WHAT THE TASK ASKS: Only the lines from the one containing "Pink embroidered linen co ord set" to the end of the data should be copied, exactly and without pictures.

DATA SECTION:
★ ★ ★ ★ ★ ★ ★

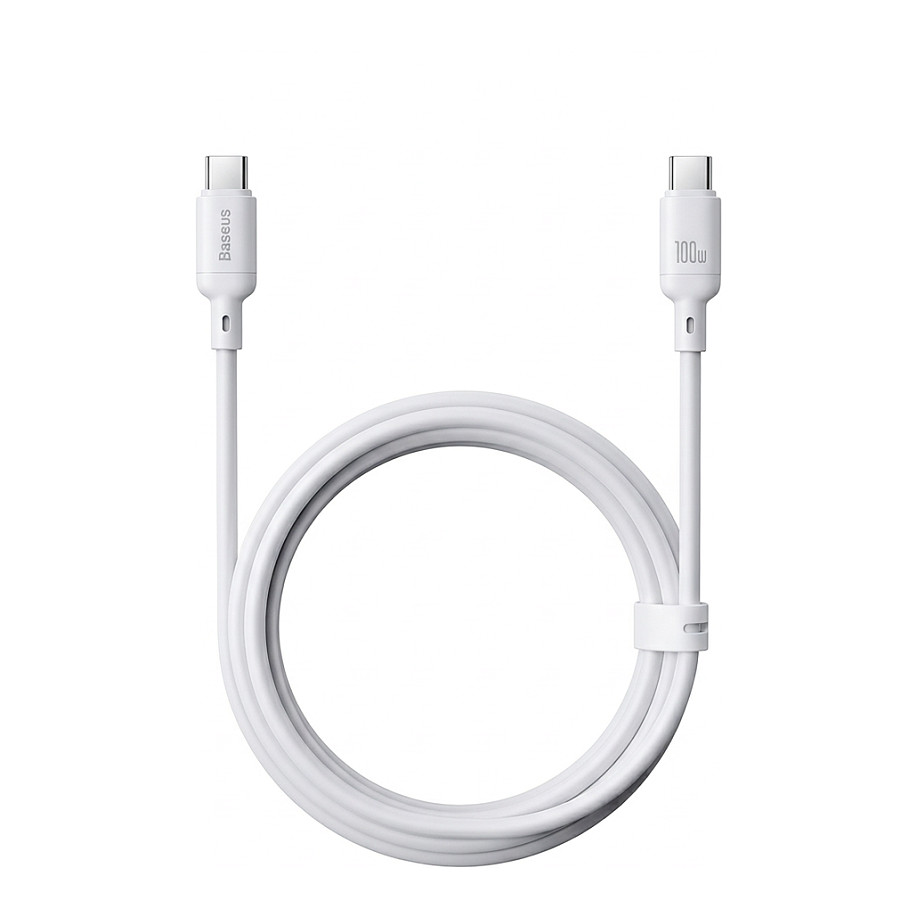 Baseus Silky Series USB-C na USB-C kabel 100W 2m (brzo punjenje, 480Mbps, tekući silikon) bijeli-0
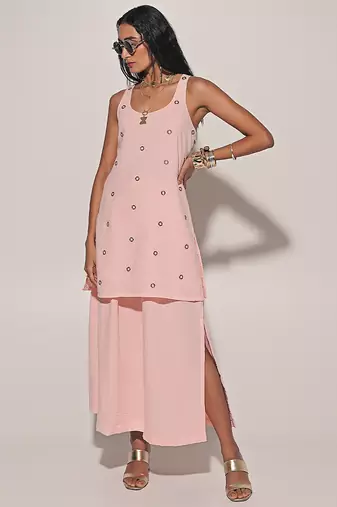 Pink embroidered linen co ord set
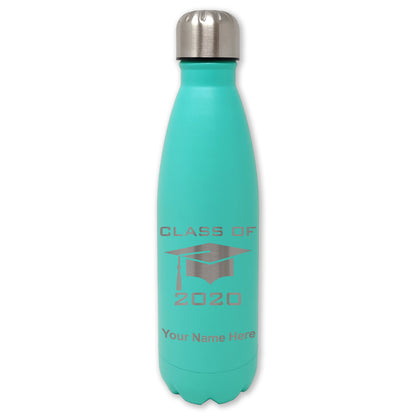 LaserGram Double Wall Water Bottle, Grad Cap Class of 2020, 2021, 2022, 2023, 2024, 2025, Personalized Engraving Included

★ ★ ★ ★ ★ ★ ★

TASK ANSWER:
 Pink embroidered linen co ord set
 LaserGram Double Wall Water Bottle, Grad Cap Class of 2020, 2021, 2022, 2023, 2024, 2025, Personalized Engraving Included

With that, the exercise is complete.